**Records for the exercise:**
◇ ◇ ◇

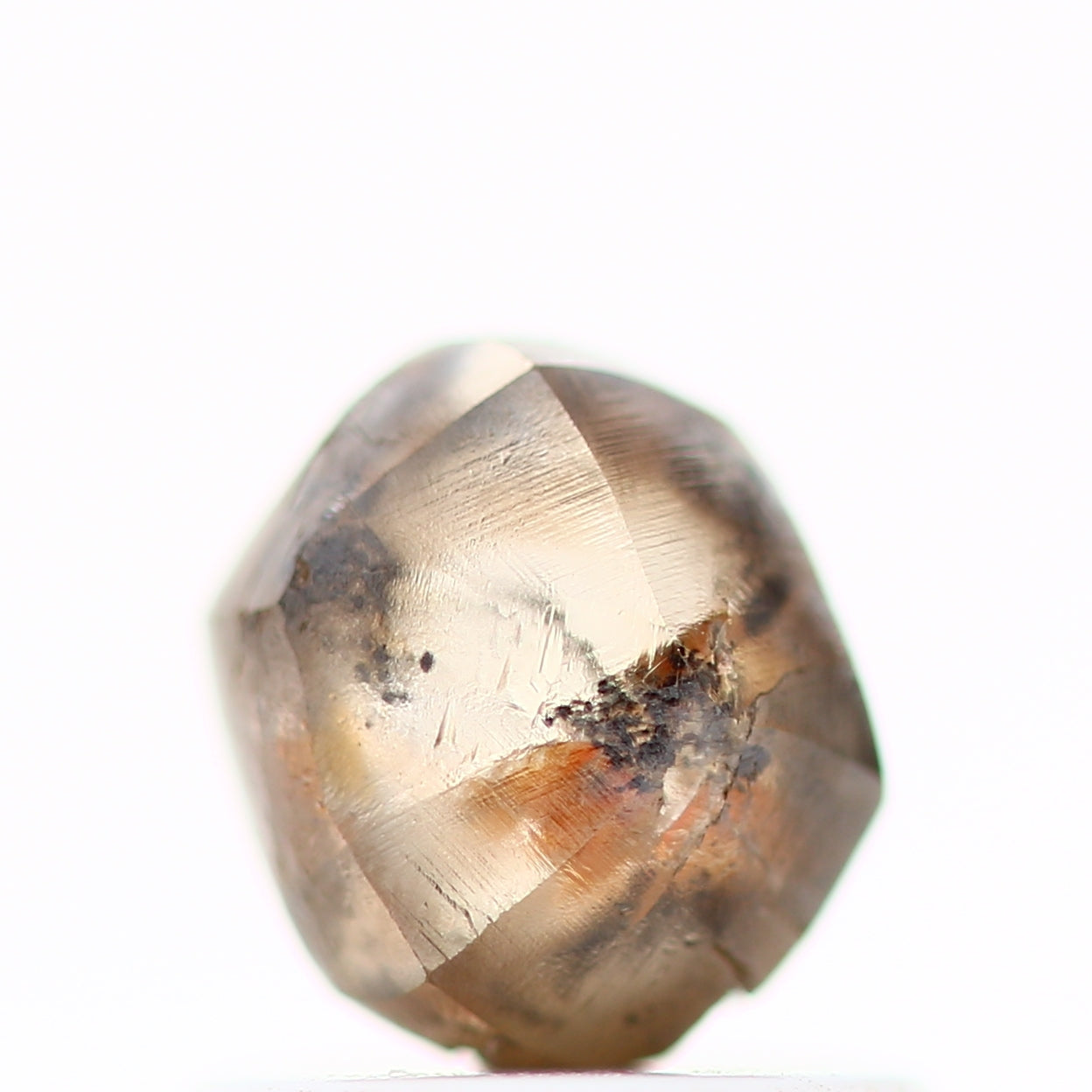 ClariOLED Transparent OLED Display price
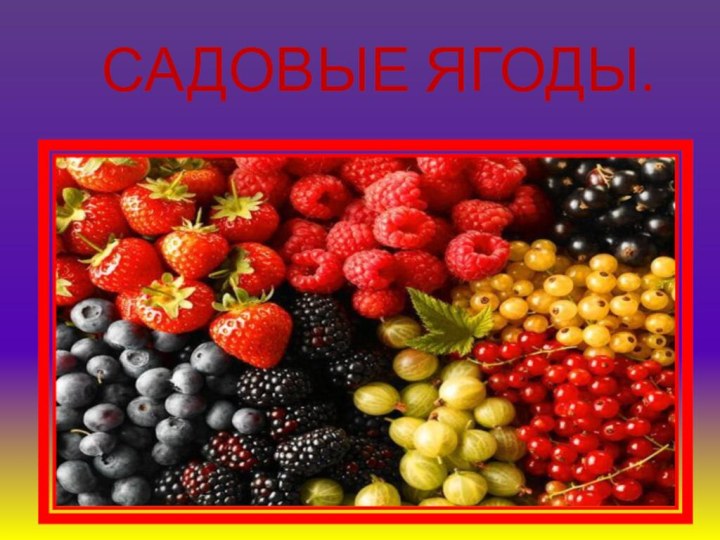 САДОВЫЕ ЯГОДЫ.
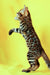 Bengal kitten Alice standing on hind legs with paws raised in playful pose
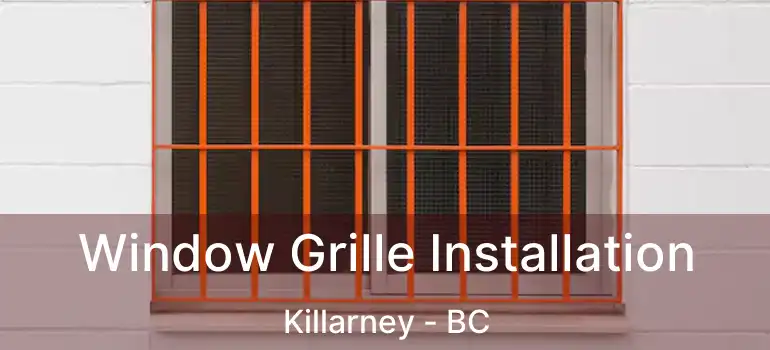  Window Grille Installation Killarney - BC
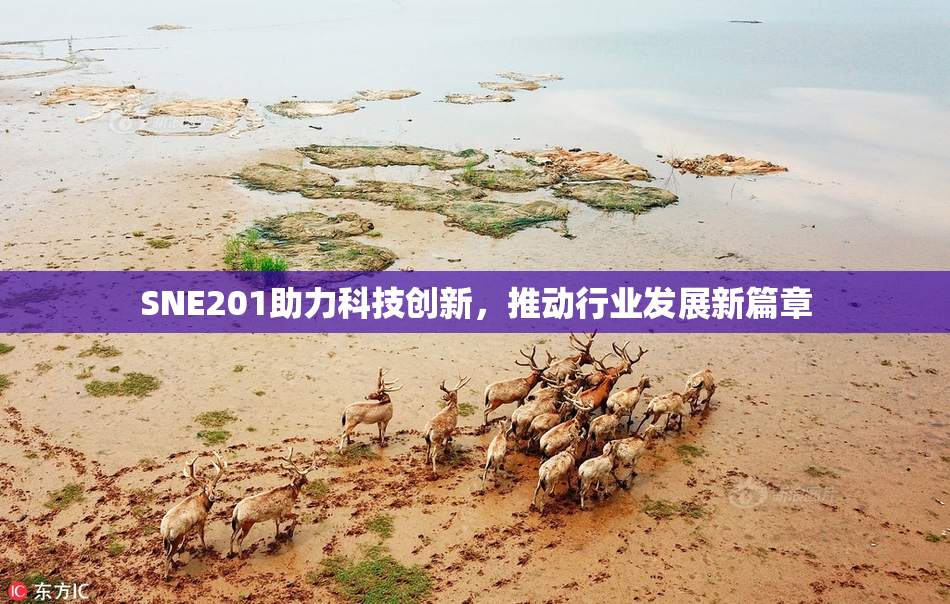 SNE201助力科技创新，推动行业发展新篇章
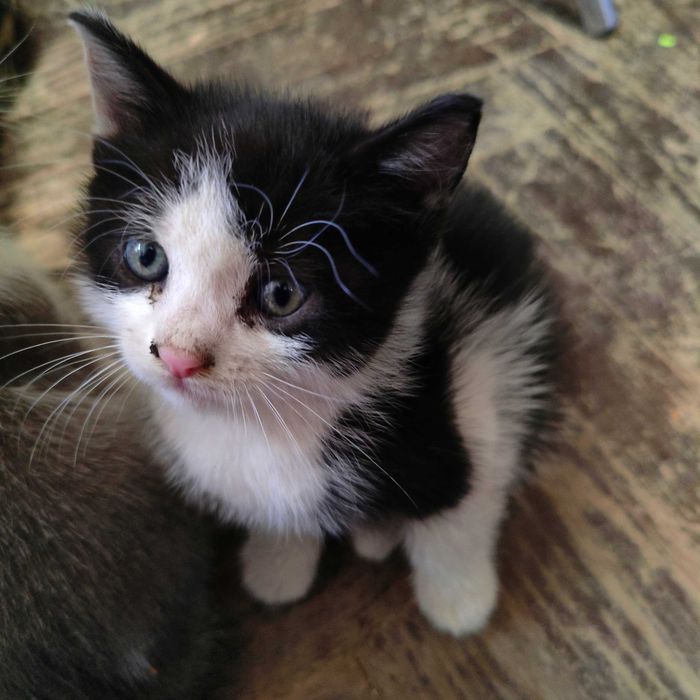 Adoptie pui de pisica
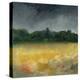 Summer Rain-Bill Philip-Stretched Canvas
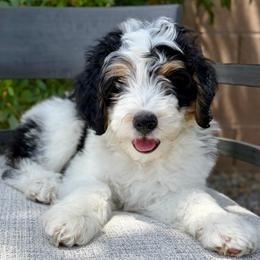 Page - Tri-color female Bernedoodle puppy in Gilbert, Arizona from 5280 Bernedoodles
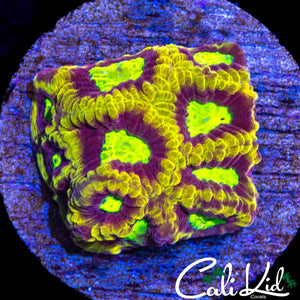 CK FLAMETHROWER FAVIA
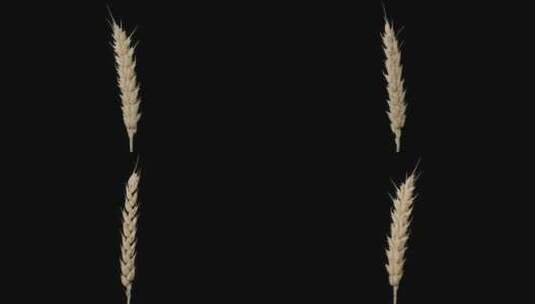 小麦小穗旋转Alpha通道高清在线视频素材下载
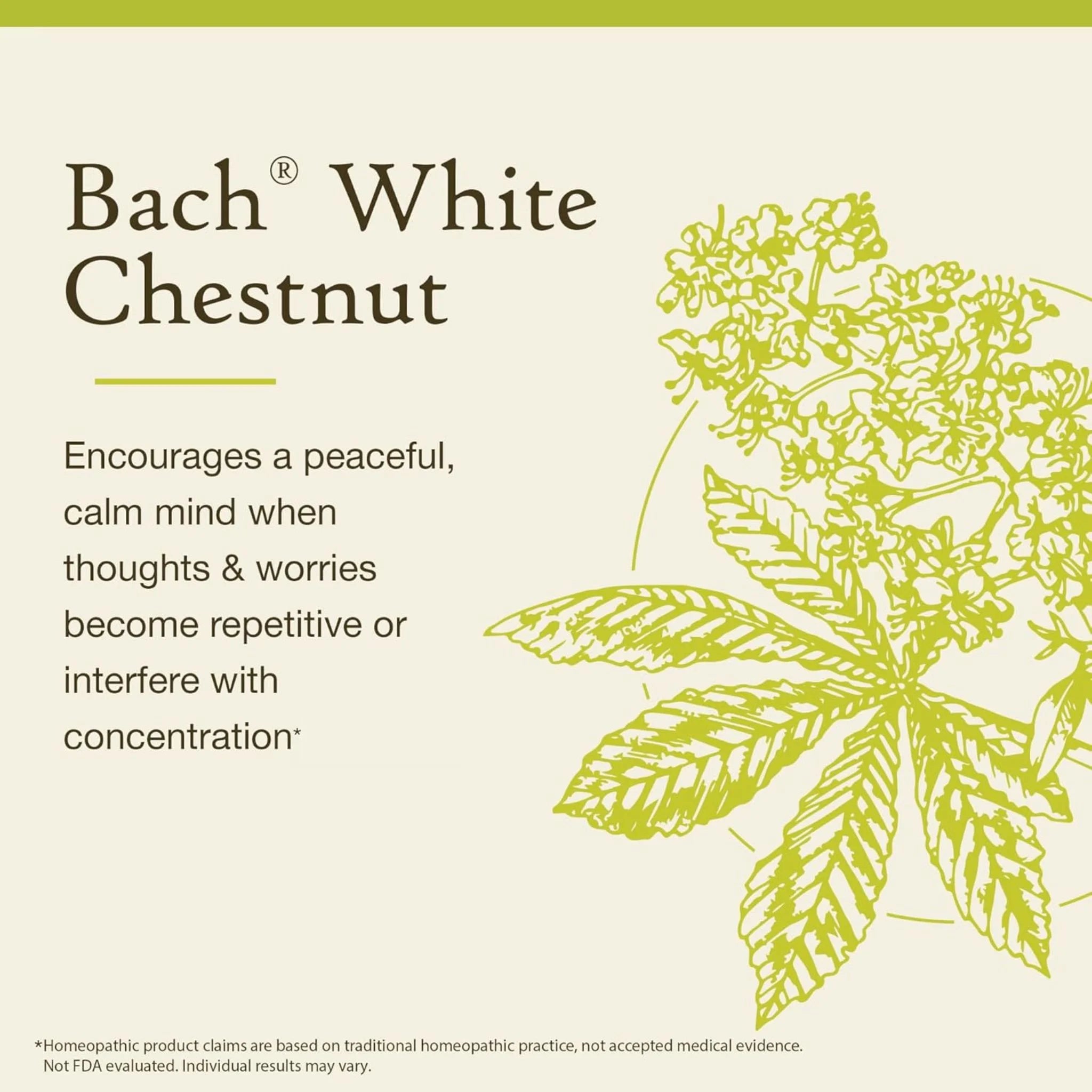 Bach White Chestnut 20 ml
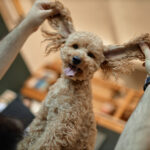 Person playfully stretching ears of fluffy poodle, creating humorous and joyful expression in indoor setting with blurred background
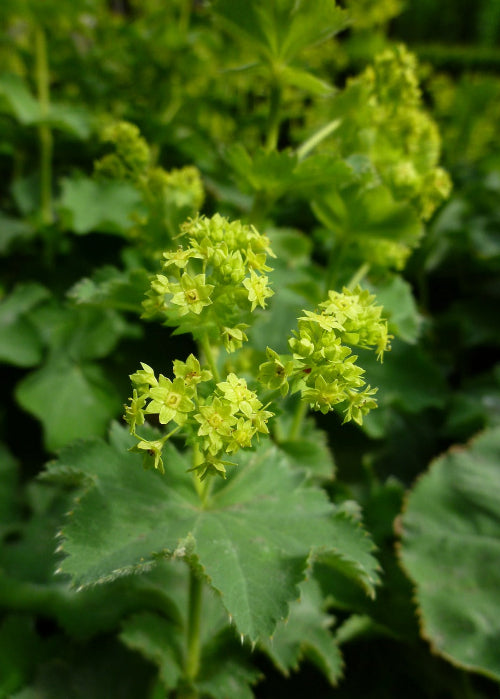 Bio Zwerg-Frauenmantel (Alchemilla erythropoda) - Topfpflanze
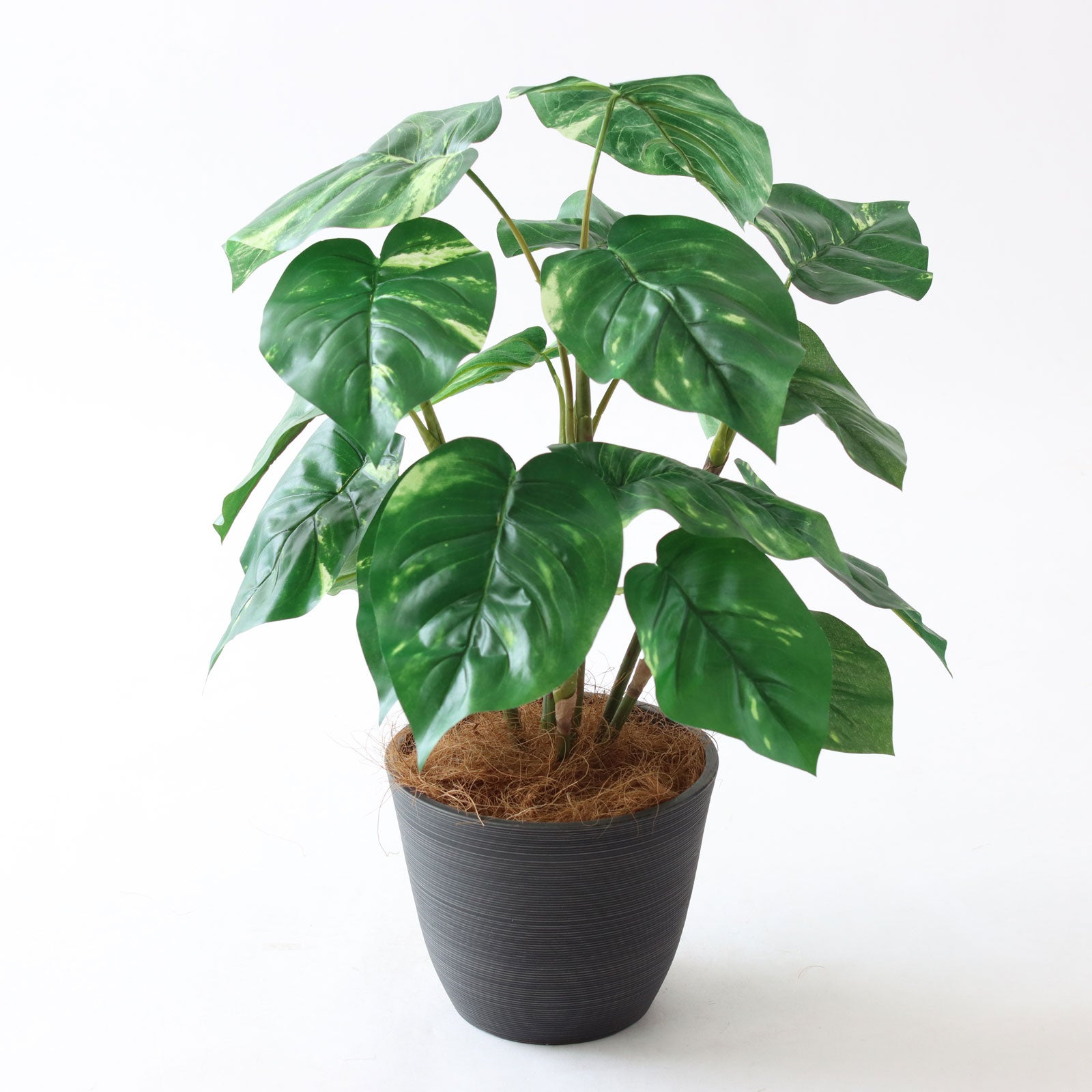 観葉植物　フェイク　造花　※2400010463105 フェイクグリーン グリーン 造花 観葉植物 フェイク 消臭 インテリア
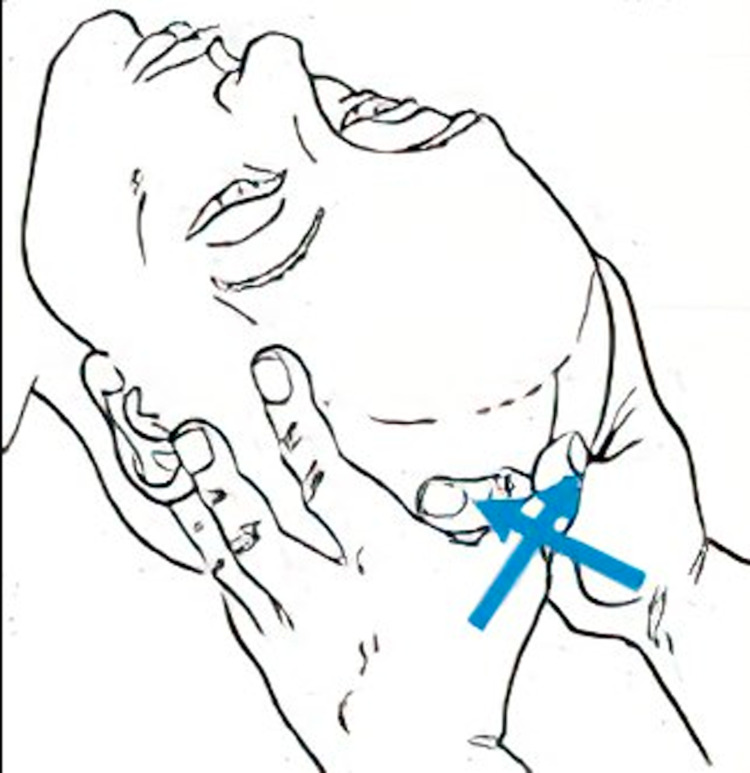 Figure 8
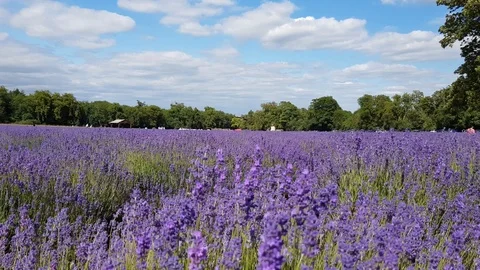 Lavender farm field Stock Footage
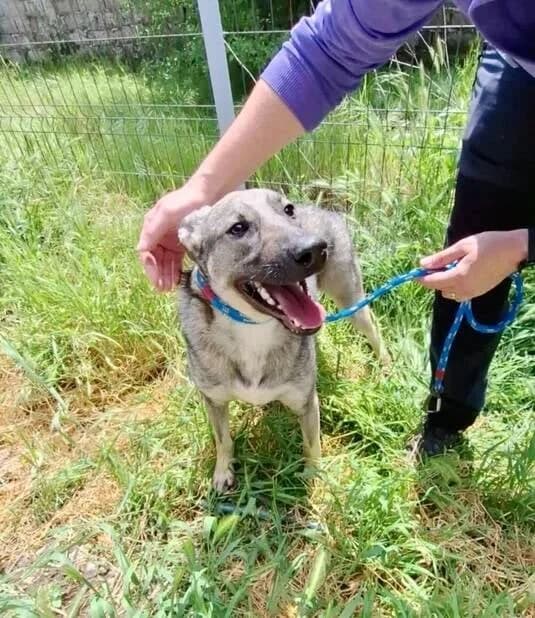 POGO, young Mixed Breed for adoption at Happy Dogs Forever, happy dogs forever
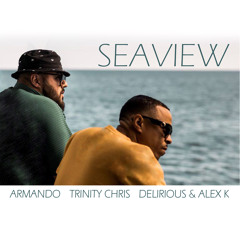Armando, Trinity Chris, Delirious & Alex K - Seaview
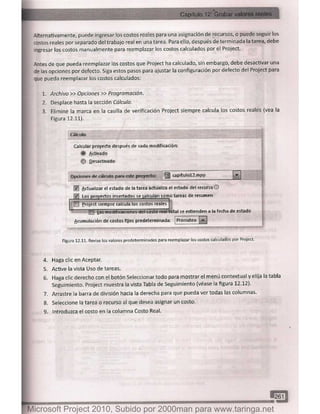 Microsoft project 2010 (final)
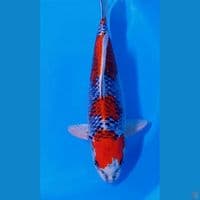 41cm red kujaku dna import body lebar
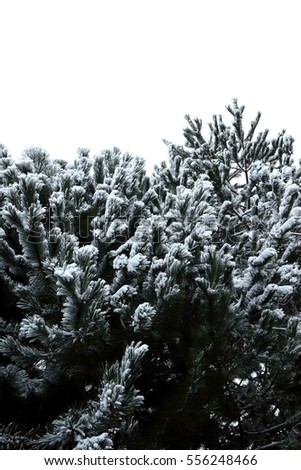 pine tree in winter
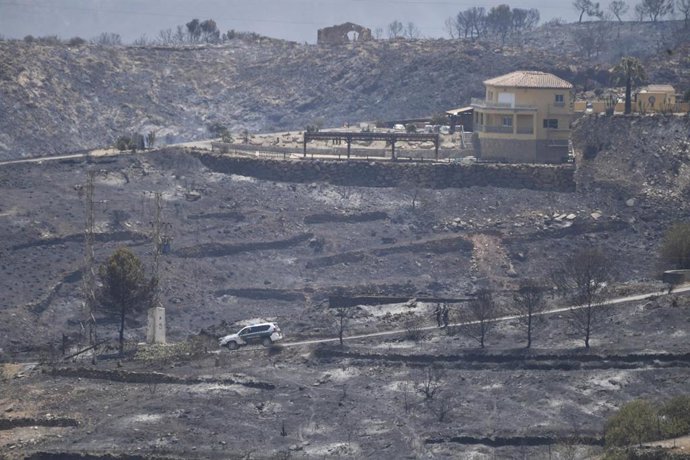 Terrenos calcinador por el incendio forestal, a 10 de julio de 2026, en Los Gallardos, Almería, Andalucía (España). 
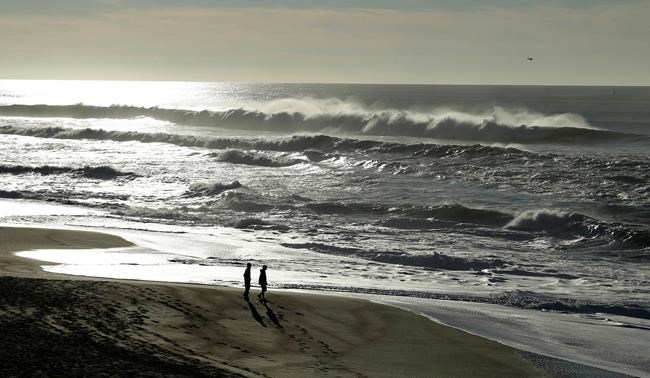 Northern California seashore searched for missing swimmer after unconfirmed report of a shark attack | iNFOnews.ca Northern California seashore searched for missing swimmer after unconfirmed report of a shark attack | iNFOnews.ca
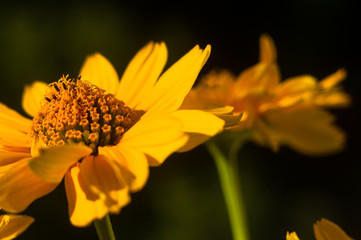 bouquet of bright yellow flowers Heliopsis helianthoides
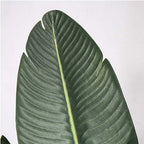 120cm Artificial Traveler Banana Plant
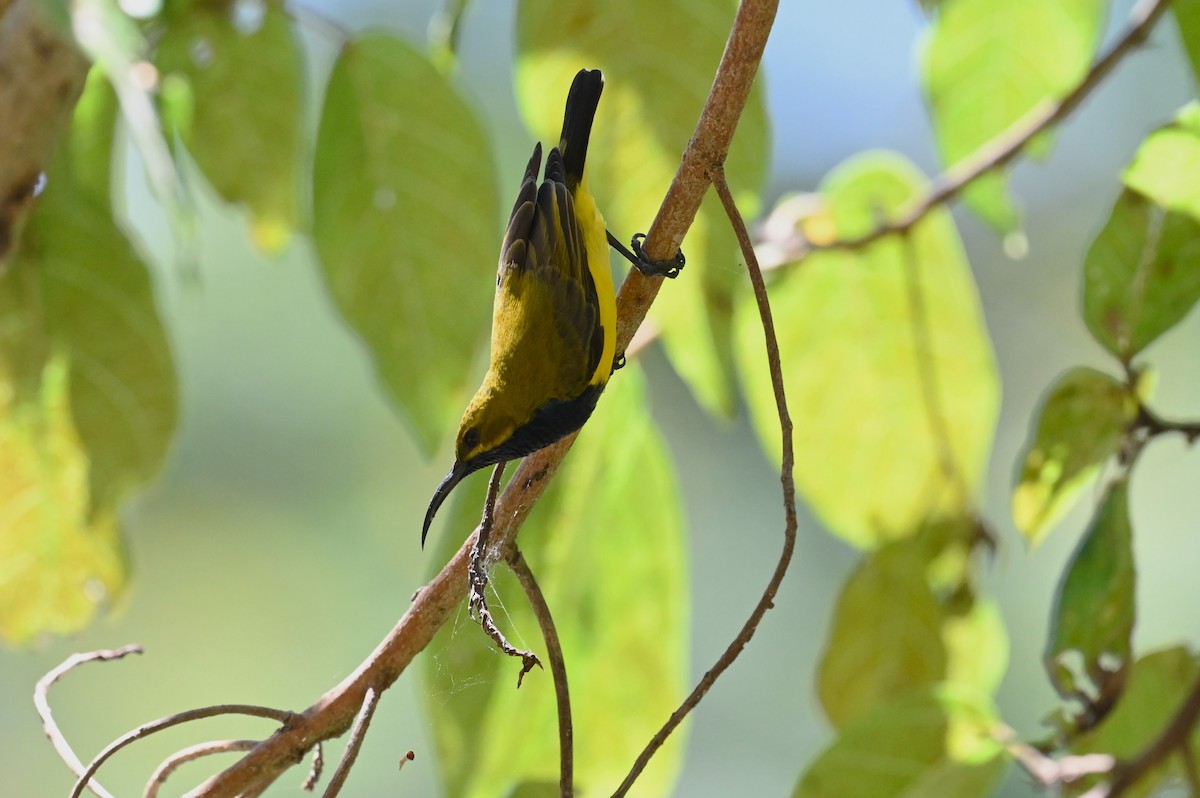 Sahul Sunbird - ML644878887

◇ ◇ ◇

**The problem:**
When you reach the line with "pine tree in winter" in the records above, begin repeating the lines exactly, and stop after the line with "Terrenos calcinador por". Skip all pictures.

**Answer to the exercise:**
 pine tree in winter
 Terrenos calcinador por el incendio forestal, a 10 de julio de 2026, en Los Gallardos, Almería, Andalucía (España). 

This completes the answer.